Senjakala Nasionalisme Kita

Senjakala Nasionalisme Kita

Organisasi Budi Utomo (1908) telah membawa fajar pencerahan bagi bangsa Indonesia. Sebuah era kebangkitan dimana penjajahan dan penjarahan yang dilakukan oleh Belanda, perlahan mendapatkan perlawanan. Masyarakat sadar betul bahwa hidup dibawah penjajahan sama halnya tak hidup.


Pada saat Dr Soetomo dan kawan-kawan mendirikan Budi Utomo pada 20 Mei 1908, tujuan utamanya adalah untuk mempercepat kemerdekaan.  Nasionalisme dibangun sedemikian rupa untuk menyatukan kekuatan bangsa yang masih tercerai berai akibat kekuasaan kolonial yang menerapkan politik  divide it impera. Pada awalnya, Budi Utomo tidak begitu seksi, tapi perlahan menimbulkan reaksi.
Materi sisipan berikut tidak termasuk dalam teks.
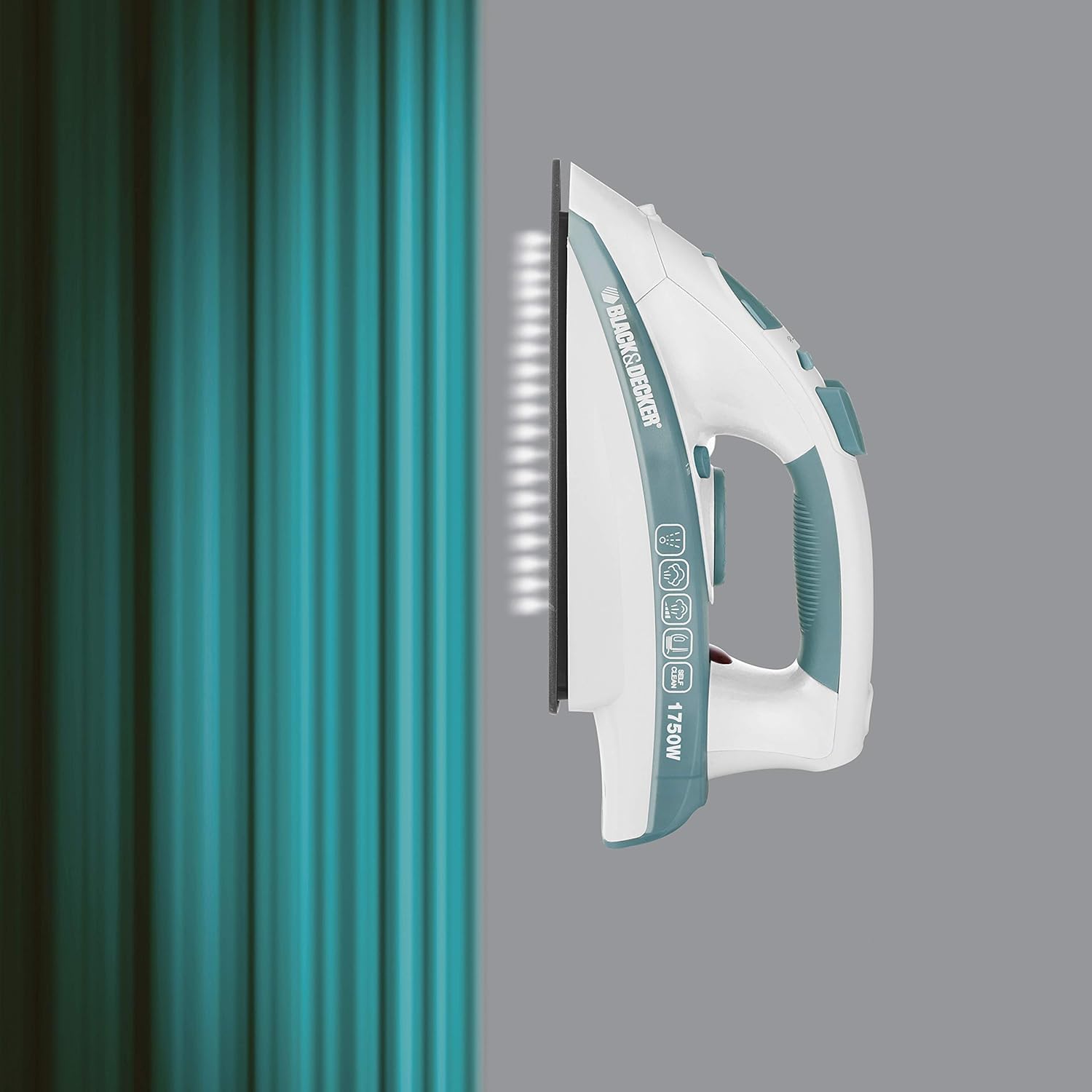 مكواة بخار بلاك + ديكر 1750 واط مع بخار عمودي (X1600-B5) – أخضر وأبيض يمكن استخدامها بشكل أفقي أو عمودي، مما يجعلها مثالية لكي الملابس المعلقة والستائر بسهولة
Hirah bangsa Indonesia untuk keluar dari jerat penjajahan kian tak terbendung. Mereka yang tergabung dalam Budi Utomo membentuk suatu pemahaman baru tentang kebangsaan dan nasionalisme kepada masyarakat. Lahir dari latar belakang penderitaan, penindasan dan kekejaman Belanda, bangsa Indonesia mulai bangkit dan melakukan perlawanan terhadap Belanda. Dengan waktu yang begitu lama (1908-1945), alhasil bangsa Indonesia berhasil mewujudkan cita-cita bersama, yaitu kemerdekaan.
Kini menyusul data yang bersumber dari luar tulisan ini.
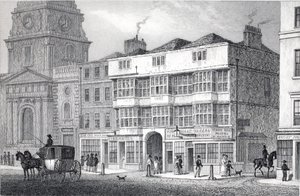 A Old White Hart Tavern, na Bishopsgate Street, do pub "Londres e seus arredores no século XIX". Jones und Co., 1827-1829 de Thomas Hosmer Shepherd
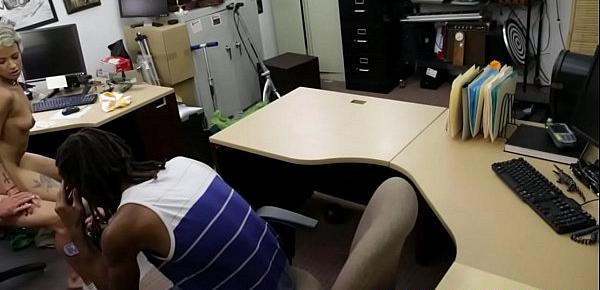  Tattooed skank fucked in office for cash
Pada saat itu pula, Indonesia lahir menjadi sebuah Negara Baru (New Emerging Forces-Nefos) yang ingin dihargai dan sederajat dengan Negara-Negara Lama (Old Emerging Forces-Oldefos). Bangsa Indonesia mulai bisa bernapas lega, masyarakat tidak lagi merasa ketakutan dan bisa berdiri tegak dihadapan orang asing.


Penanda penting dari Kebangkitan Nasional ini adalah adanya cita-cita bersama, nasionalisme dan kebangsaan yang kuat antar masyarakat untuk membentuk tatanan Indonesia baru tanpa penjajahan. Hirah nasionalisme dan kebangsaan yang terpatri dalam diri bangsa Indonesia tersebut, menjadi modal awal untuk meruntuhkan berbagai bentuk kekejaman dan penindasan.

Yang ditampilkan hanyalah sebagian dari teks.